--- Dataset records Enclosed Below ---

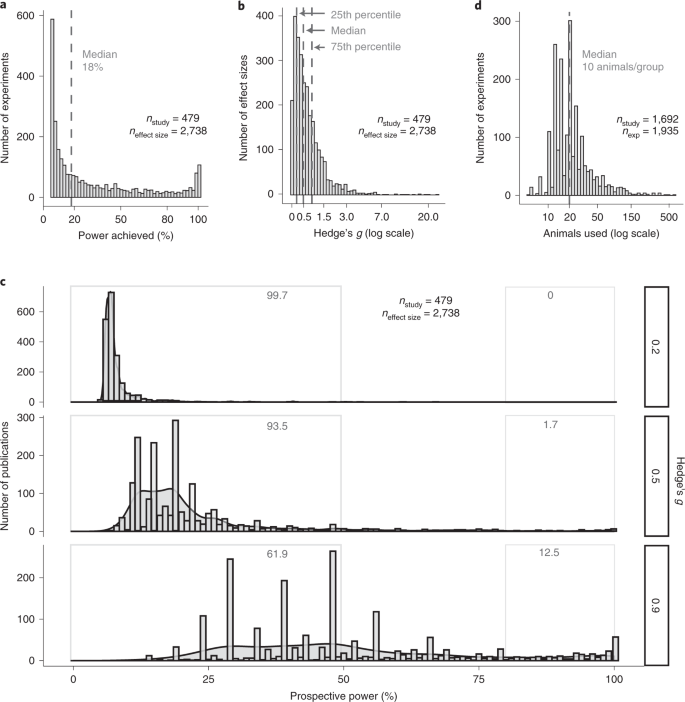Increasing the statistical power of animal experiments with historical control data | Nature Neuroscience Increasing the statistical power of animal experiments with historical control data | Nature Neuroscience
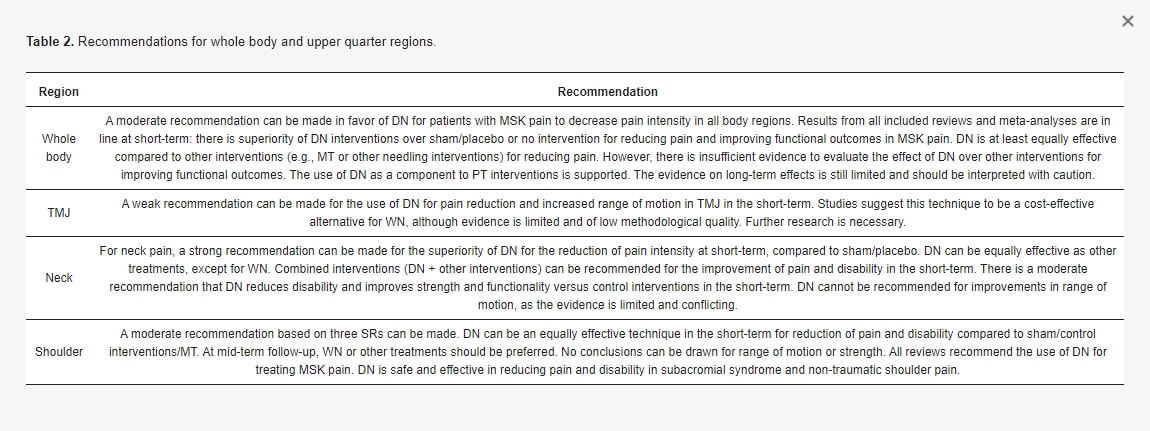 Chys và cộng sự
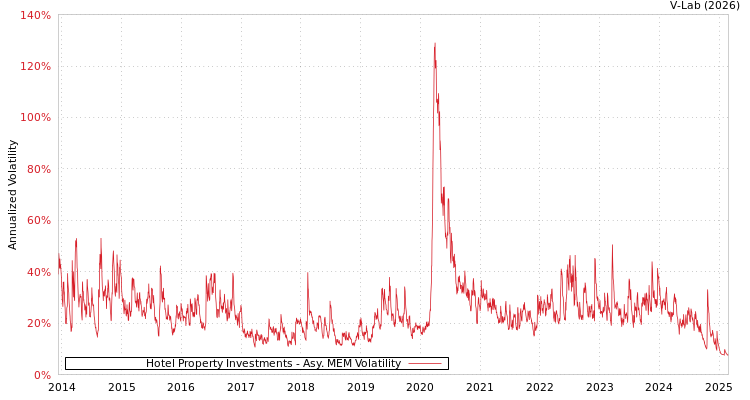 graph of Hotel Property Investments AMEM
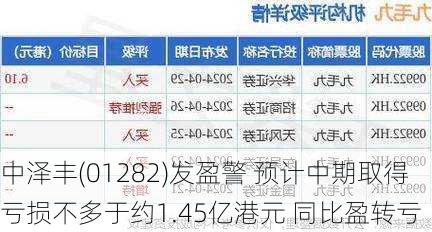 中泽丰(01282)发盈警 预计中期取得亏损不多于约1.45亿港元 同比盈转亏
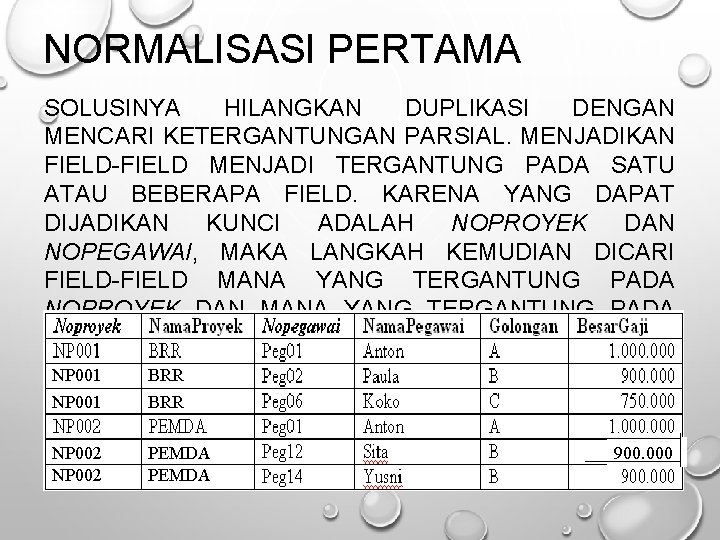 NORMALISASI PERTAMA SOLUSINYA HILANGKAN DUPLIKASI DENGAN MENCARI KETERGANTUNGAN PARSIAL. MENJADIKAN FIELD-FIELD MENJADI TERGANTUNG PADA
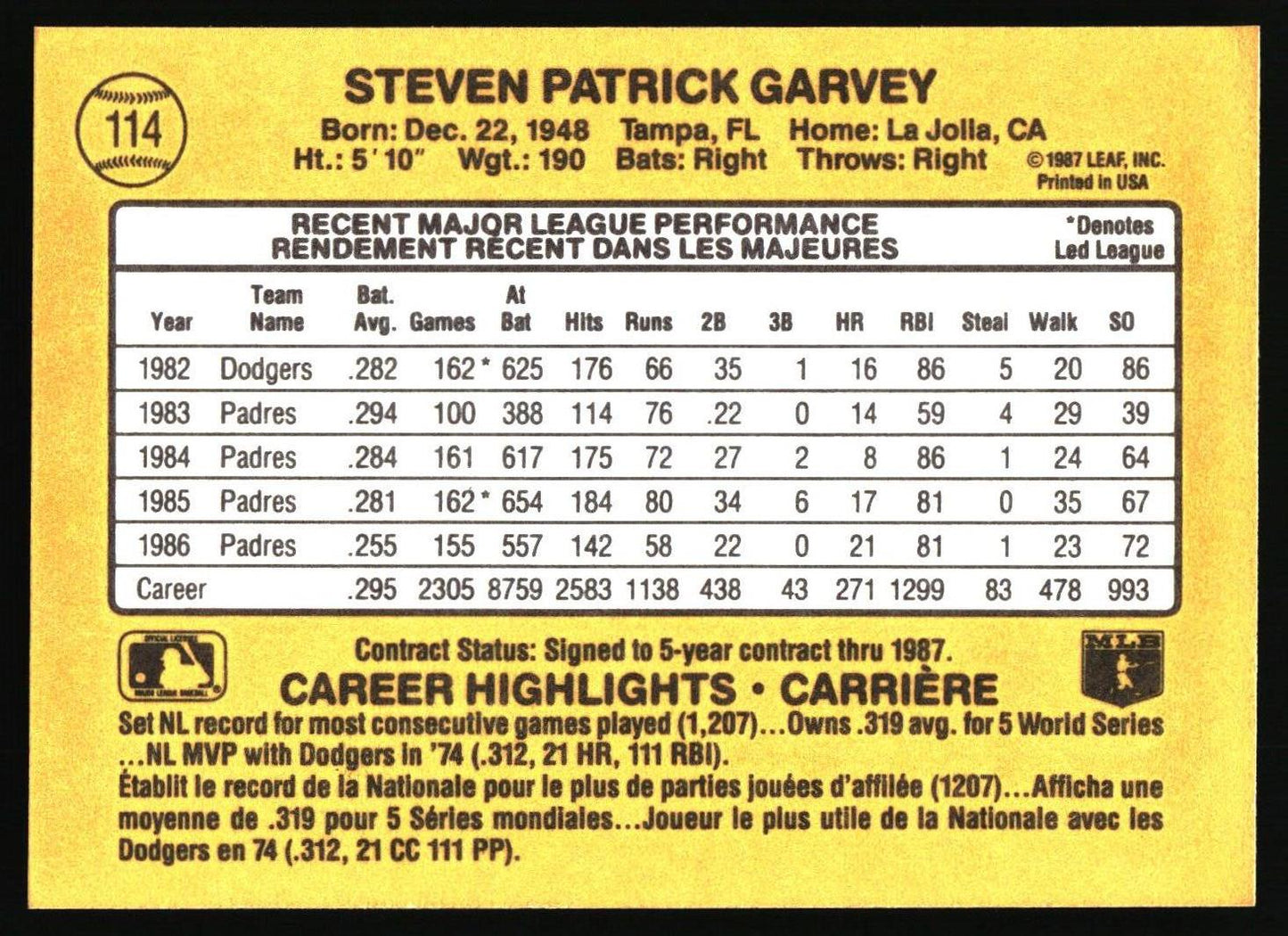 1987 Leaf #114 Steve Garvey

--- End of Enclosed Dataset records ---
--- Dataset records Enclosed Below ---

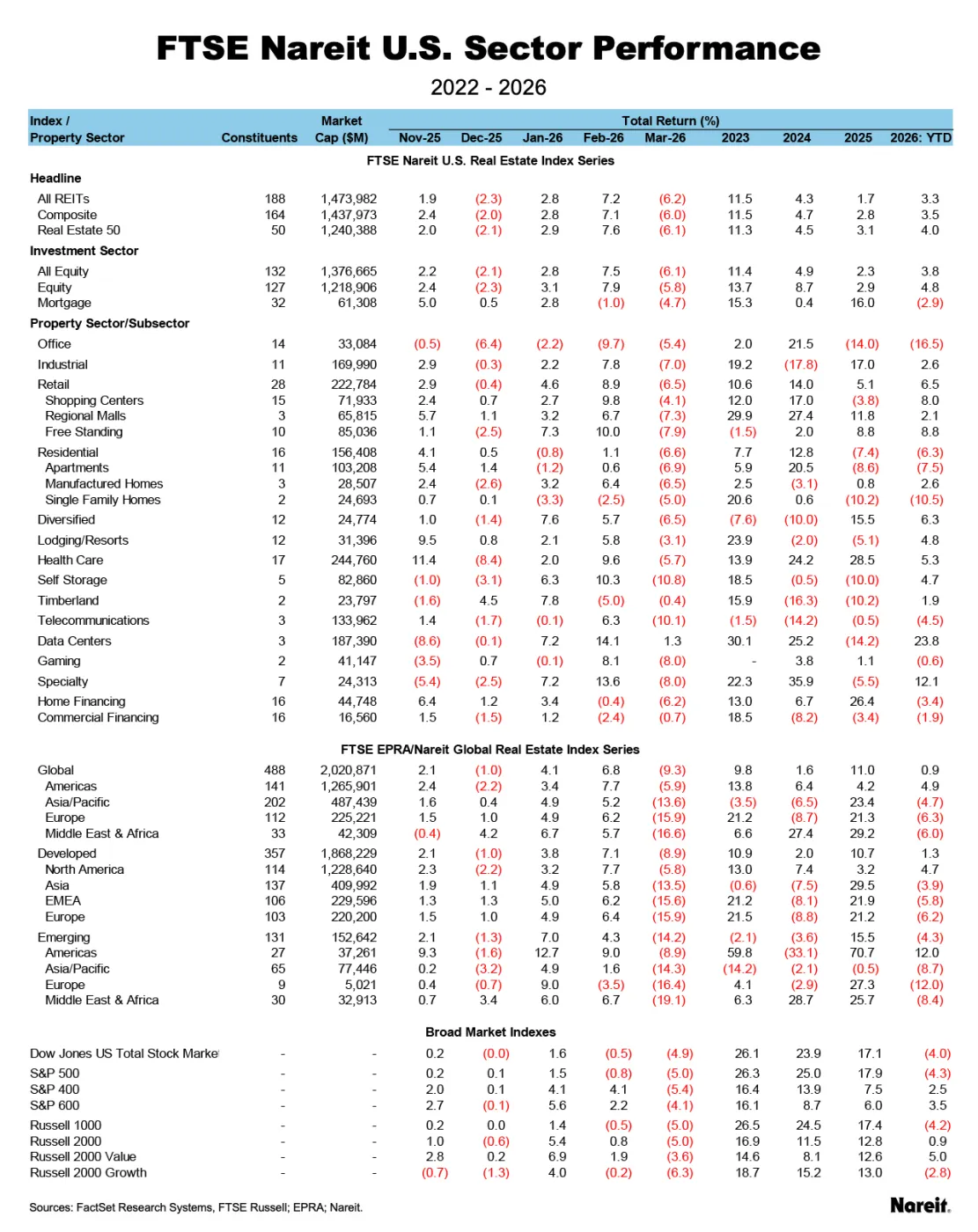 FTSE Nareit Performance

--- End of Enclosed Dataset records ---

_Task directions:_ For this exercise, please set down exactly the lines of the listing above from the line with "Nature Neuroscience Increasing" up to and including the line with "1987 Leaf #114 Steve Garvey", and no pictures.

_Task answer:_
Increasing the statistical power of animal experiments with historical control data | Nature Neuroscience Increasing the statistical power of animal experiments with historical control data | Nature Neuroscience
 Chys và cộng sự
 graph of Hotel Property Investments AMEM
 中泽丰(01282)发盈警 预计中期取得亏损不多于约1.45亿港元 同比盈转亏
 NORMALISASI PERTAMA SOLUSINYA HILANGKAN DUPLIKASI DENGAN MENCARI KETERGANTUNGAN PARSIAL. MENJADIKAN FIELD-FIELD MENJADI TERGANTUNG PADA
 1987 Leaf #114 Steve Garvey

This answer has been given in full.